A recent review of 17 studies of more than 61,000 participants found a link between high intake of sugary drinks and alcohol and increased risk of hair loss, particularly among women, while diets rich in vitamin D and iron were associated with improved hair density. In short, treating hair loss as a single mechanism (androgen sensitivity) is no longer sufficient.

Hair health as holistic wellness

A 2025-practice census found that in 2024, the percentage of women seeking non-scalp hair restoration procedures rose to 21 percent (up from 17 percent in 2021). These figures underscore how the conversation is changing; women are seeking treatment earlier, demanding more tailored approaches, and rejecting the notion that hair loss is acceptable collateral damage of aging.

Innovation in hair health is accelerating, but it is not yet mainstream. Onysko notes that future plans for Firmora may include deeper biotechnology and more refined extraction methods that push beyond current models. With the industry projected to reach a multibillion-dollar scale by 2030, and consumer expectations shifting rapidly, the pressure is on established players to evolve.

Firmora bottle and capsules.
Firmora brings clean science to hair-loss treatment | Courtesy

In the meantime, women facing thinning hair or shedding have more options than ever before, especially if they choose transparency, clinical validation, and protocols built for their biology rather than a one-size-fits-all solution. As Onysko frames it, “Our formulas are built for postpartum, perimenopause, and prevention — without stimulants or endocrine gray areas.” If the early data hold true, this could mark one of the more meaningful shifts in an industry long dominated by male-pattern paradigms.
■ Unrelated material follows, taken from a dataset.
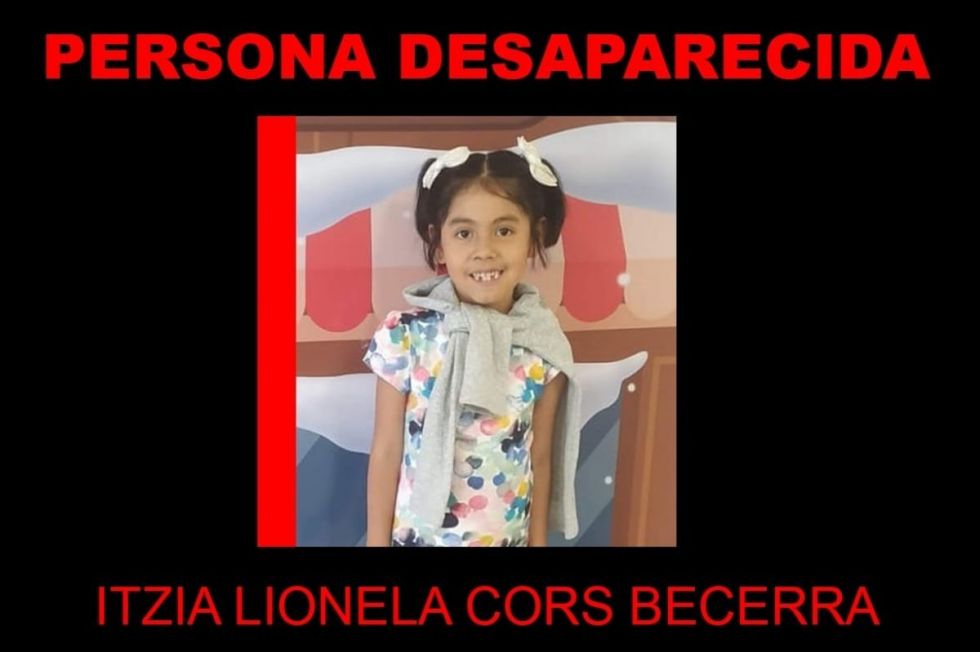 Encarcelan al abuelastro de la niña Itzia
Beyond the lab, there is also a cultural shift underway. Hair loss for women is no longer being relegated to the shadows; it is now increasingly understood as biomedical, aesthetic, and wellness terrain.

Onysko recognizes this: “Hair loss can be an emotional experience for women.” He says breaking that stigma comes by naming it plainly and offering women both tools and community. He says clear education, realistic timelines, and outcomes framed around strength and texture help to boost consumer confidence. It’s why Firmora partners with practitioners and shares resources around nutrition, stress, and scalp care. He says it’s so women on the hair growth journey feel supported “even on the tough days.”